«Берегитесь гнева Господня вы, разжиревшие на деньгах бесконтрольных, шальных; вы, забывшие честь и благородство; берегитесь вы, трясущиеся за свои кресла, не помнящие братьев своих, ждущих помощи! Хотя бы в аду новой кровопролитной войны вспомните слова пророка Ирмиягу: „…таково нечестие твое, что горько оно и достигло сердца твоего. Нутро мое, нутро мое! Я содрогаюсь! Рвутся стены сердца моего, ноет сердце мое во мне! Не могу молчать, ибо слышишь ты, душа моя, звук рога, тревогу брани!“
Это письмо было адресовано всей московской коллегии Синдиката.
— Во дает! — подумала я с удовольствием. И немедленно позвонила Яше Соколу.
— Ты получил революционное письмишко из Центра?
— Подожди, — сказал он невыспавшимся голосом. — Я еще не смотрел сегодня почту… Включаю… От кого, говоришь?
— Сейчас взгляну на имя… Азария какой-то…
— Нет такого…
— Смотри внимательней. Письмо отправлено всем синдикам.
— Да нет же, говорю тебе! А что там?
— Поднимись сейчас же, не пожалеешь.
Он явился, пробежал глазами текст в экране моего компьютера:
— Что это? — спросил он. — Какой-то проект?
— Какой там, к черту, проект, — сказала я. — Читай внимательно…
— Ничего не понимаю… — пробормотал Яша, читая с начала… — Кто это пишет?
— Какой-то Азария. Ты знаешь такого?
— Нет… Не из фонда ли Кренцига?

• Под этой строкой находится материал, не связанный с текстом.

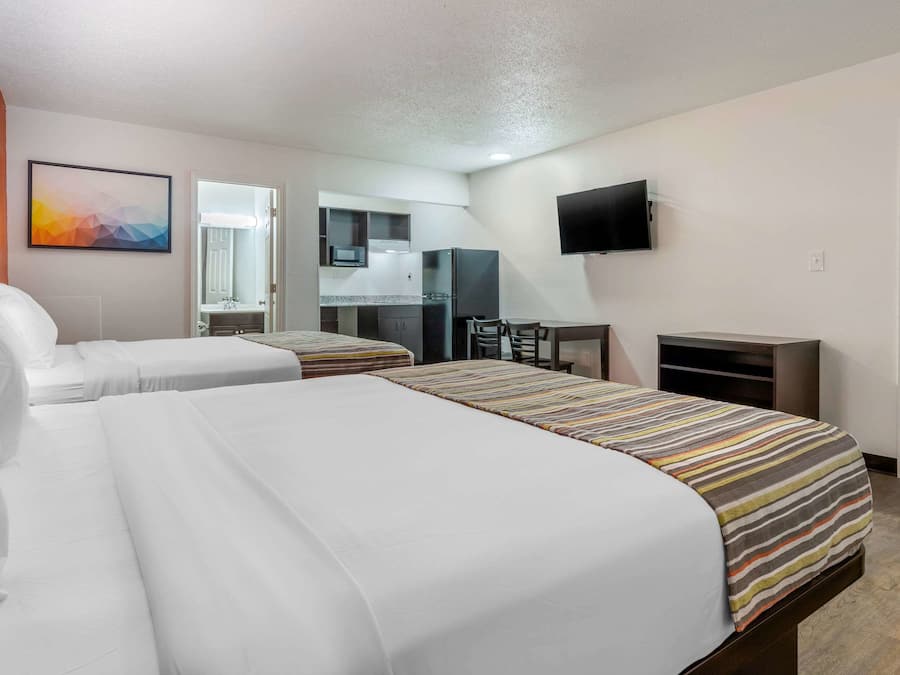 A hotel room with two beds, a kitchenette, a TV, and a bathroom visible through an open door.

Там есть парочка совершенно сумасшедших американов, идеалистов долбанных.
— Слишком уж страстно. Ты почитай, как он неистовствует.
Яша опять уставился в экран:
— Да… Сильно, ничего не скажешь. И точно. Представляешь, как его допекли?

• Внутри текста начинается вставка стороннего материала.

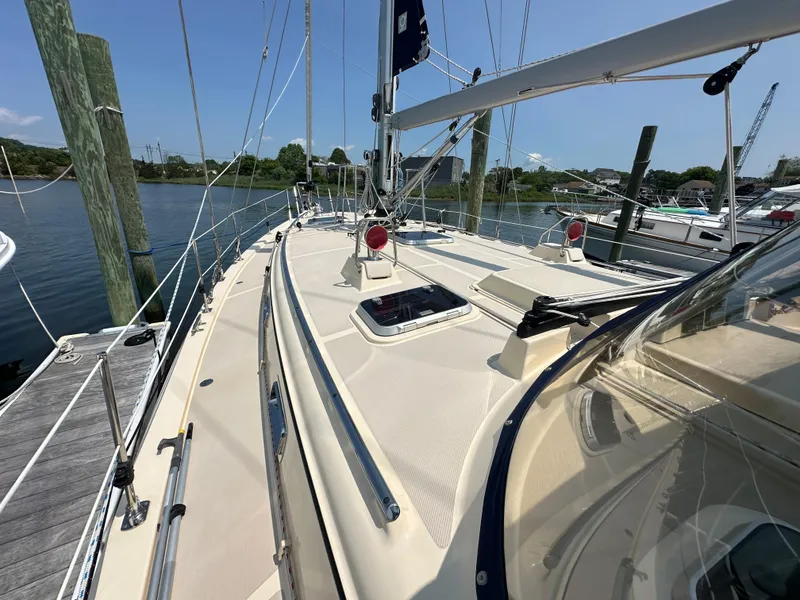 Slide: The Image of 2021 Island Packet 439 sailboat docked, showcasing deck and rigging under clear skies. - 6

Минут пять еще мы таращились в экран, цокали языками, ахали, восторгались скандальной смелостью этого парня… Однако получалось, что послание пришло мне одной. Мы осторожно обзвонили остальных. Никто понятия не имел — кто такой Азария, в каком департаменте Центра подвизается и чем ведает. Правду-матку, однако, он резал отчаянно.
Наконец мы с Яшей решили, что это какой-нибудь прохожий правдолюбец, ненавистник Синдиката, каких достаточно в отечестве, оказавшись случайно в коридорах Центра, припал на минутку к свободному компьютеру и послал в Россию воззвание. На деревню дедушке. То есть мне.
— Погоди, а имена остальных синдиков? — спросила я.
— Увидел пачку деловых бумаг на столе, — предположил Яша, — прочел имена. Составил письмо с намерением послать всем. Твое имя на слуху, тебе послать успел, остальным — нет. Знаешь, как Штирлиц в ставке Мюллера: в коридоре раздались шаги, и актер Тихонов засветил пленку.
. . . . . . . . . . . . . . . . . . . . . . . . . . . . . . . . . . . . . . . . . . . . . . . . . . . . . . . . . .
Второе послание от Азарии я получила спустя недели две. На сей раз я была потрясена еще больше. И дело даже не в том, что это письмо было написано в стиле библейских пророчеств. Дело в том, что целью бичевания он выбрал российскую еврейскую общину. Причем обнаружил прекрасное знание предмета.